If you can build your startup into a viable business, you have everything you need to create traction and scale that business.
Here’s how to do that.
If you want to scale, let data be your light in the dark
I’ve seen it a million times: A founder will build a startup to some initial success point and then freeze — unsure of exactly why their customers are so enamoured with their product or service.
I wrote a post outlining the most critical mistakes startup founders and leaders make when faced with the task of scaling their initial success. Most of the time, those founders and leaders have the right idea — using data as a guide to determine the direction and magnitude of their next move. The problem is almost always in the execution:
- Keeping too tight a grip on that initial success and letting new opportunities slip away.
- Listening to the wrong signals and chasing unproven theories.
- Letting an abundance of optimism or pessimism cloud the decision-making process.
Anyone can tell you that you should be using data as your light in the dark for growth. So how do you make sure that you’re using it properly?
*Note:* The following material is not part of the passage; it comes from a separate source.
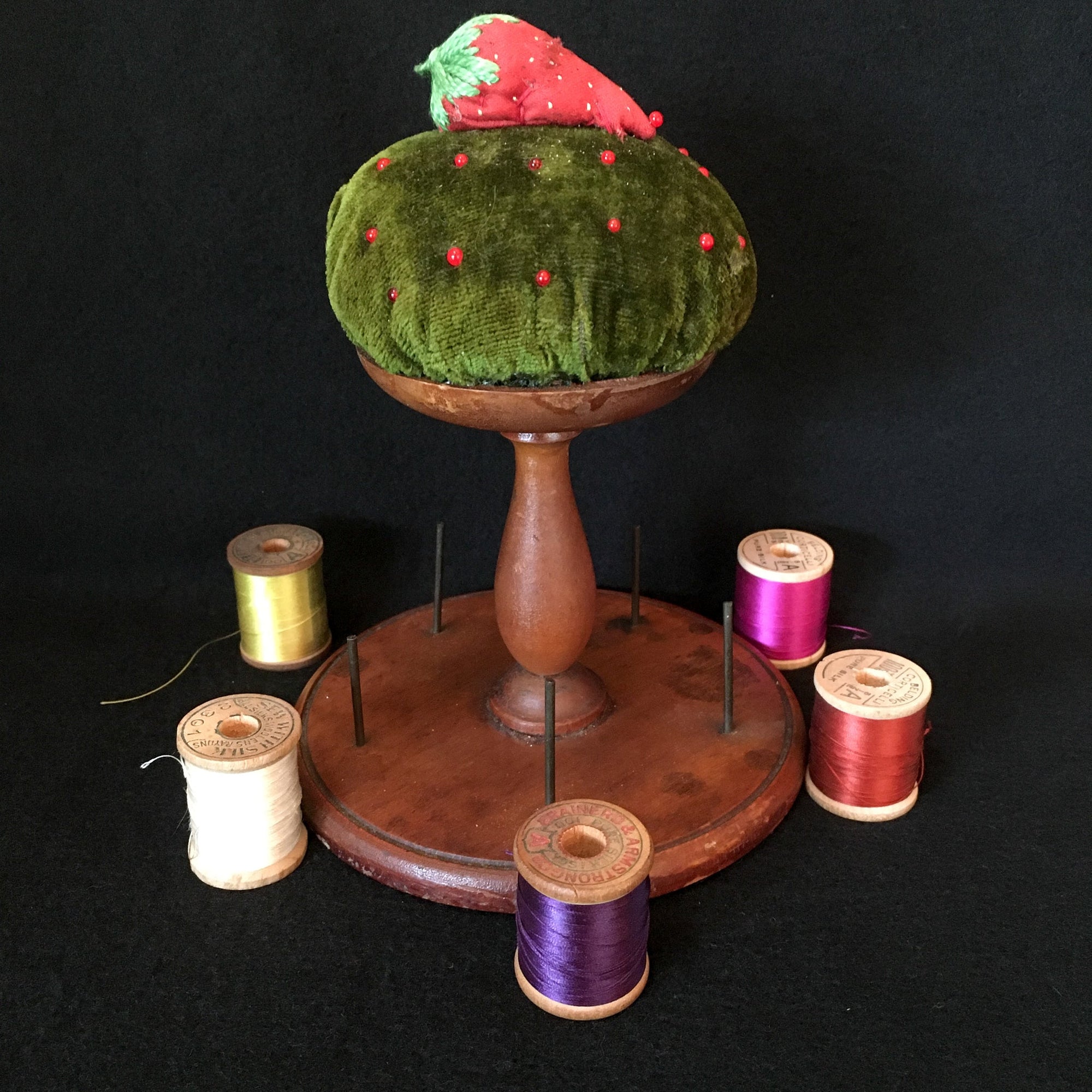 Wooden Spool Holder with Pin Cushion and Strawberry Emery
I’ll cover the DON’Ts I wrote about in the previous post and give you actionable strategies to execute instead.
DON’T: Ride any wave too long
The biggest mistake a startup founder or leader can make is to analyze all the data around the company’s initial success, look at only the positives, and decide to stay the course. Nothing lasts forever, all good things must come to an end, and if your business is growing, there is no upper limit on where your numbers should be.
DO: Always be experimenting
You should be in a constant state of controlled experimentation with your product, your positioning, your market fit, your pitch, and your messaging. You don’t need wholesale changes with every new version or change, but you do need to take several steps into the darkness to see if you’re going to stub your toe, so to speak.
From the previous post, a reader asked: How much time should I devote to creating reportable data from an MVP? My answer is “All of it,” or at least as much time as you can. An MVP without a tracking mechanism on every interaction, from the initial discovery of the business to close the sale, is just a very expensive way to fumble around in the dark.
It doesn’t matter if you’re selling SaaS software or gardening tools. Every touchpoint in the discovery, transaction, and usage of that product should be tracked, automatically or manually, including when the interaction happened, how it happened, what the result or next step was, and what that result or next step means to revenue and costs.
You should track every data point and let the results sort themselves out. I can’t tell you how many times I’ve asked a founder if they were tracking a data point and the answer was no and the reason was they didn’t feel like they needed it.